Après cette guerre, Amnesty International a rapporté que le Hamas avait utilisé les zones abandonnées d’Al-Shifa, « y compris la zone de la clinique externe, pour arrêter, interroger, torturer et maltraiter des suspects, alors même que d’autres parties de l’hôpital continuaient de fonctionner comme un centre médical ».
Les critiques d’Israël ont cependant répliqué avec les déclarations faites à l’époque par deux médecins norvégiens, qui se décrivaient comme des militants pro-palestiniens et avaient travaillé à Gaza pendant la guerre de 2014. Ils ont insisté sur le fait qu’ils n’avaient vu aucune présence du Hamas à Al-Shifa.
Israël a également publié des séquences vidéo, prises par les caméras de sécurité de l’hôpital, qui montrent deux otages amenés à Al-Shifa peu après avoir été enlevés lors de l’attaque du 7 octobre.
Le tunnel d’Al-Shifa a été découvert en suivant des conduits souterrains provenant d’unités de climatisation alimentées par l’alimentation électrique de l’hôpital et montées sur l’un de ses bâtiments, ont indiqué des responsables. Les soldats israéliens ont également trouvé des preuves que l’approvisionnement en eau de l’hôpital était acheminé vers le tunnel.
L’armée israélienne a également exposé des armes et d’autres équipements qui auraient été trouvés à Al-Shifa, notamment des grenades placées près d’un appareil IRM. Parmi les objets cachés présentés aux journalistes se trouvaient des objets qui, selon les autorités israéliennes, avaient été pris à des otages, notamment un sac arborant le nom de Beeri, un kibboutz attaqué par le Hamas.

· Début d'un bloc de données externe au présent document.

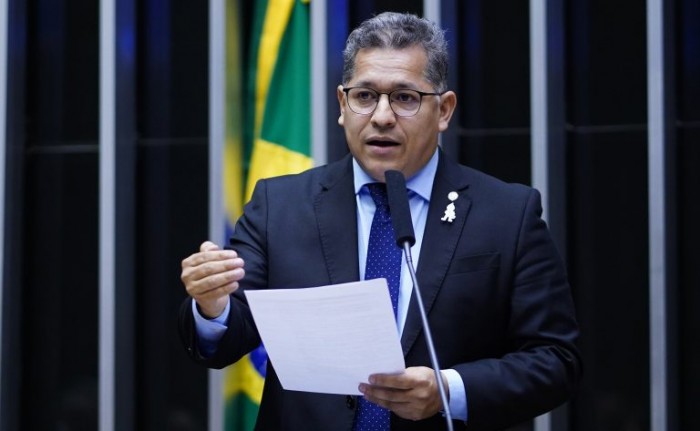 Dorinaldo Malafaia apresentou parecer favorável - (Foto: Pablo Valadares/Câmara dos Deputados)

L’armée a également déclaré avoir trouvé des armes dans le parking d’Al-Shifa, ainsi qu’un véhicule Toyota identique à ceux utilisés lors de l’attaque du 7 octobre et chargé du même équipement que celui transporté par les militants lors du raid, notamment des fusils et des grenades propulsées par fusée. Les responsables israéliens ont émis l’hypothèse qu’il s’agissait d’un véhicule de rechange non utilisé lors de l’attaque.

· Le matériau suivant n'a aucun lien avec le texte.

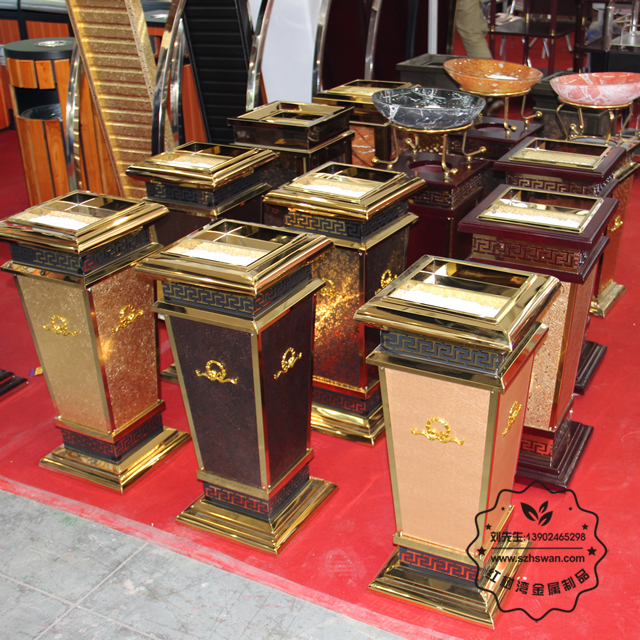 室內不銹鋼垃圾桶圖片002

Une partie de ce que l’armée israélienne a montré jusqu’à présent ne correspond pas entièrement à la description d’un quartier général terroriste qu’elle a proposée avant son invasion terrestre de Gaza le 27 octobre.

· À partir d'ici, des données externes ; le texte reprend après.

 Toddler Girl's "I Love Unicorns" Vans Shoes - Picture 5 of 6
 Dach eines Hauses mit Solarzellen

Sous Al-Shifa, l’armée israélienne a écrit dans un long post sur son site Internet, « se trouve un labyrinthe de tunnels et de complexes souterrains utilisés par les dirigeants du Hamas pour diriger les activités terroristes et les tirs de roquettes et pour fabriquer et stocker une variété d’armes et de munitions ».
Il n’existe peut-être plus de moyen d’évaluer directement cette affirmation. Les forces israéliennes sont restées à Al-Shifa pendant un peu plus d’une semaine.
Quelques heures avant que les forces israéliennes ne quittent l’hôpital le 24 novembre, des soldats ont recouvert le tunnel d’explosifs et l’ont détruit dans une explosion qui a envoyé des panaches de fumée dans les airs et fait trembler les bâtiments au sol.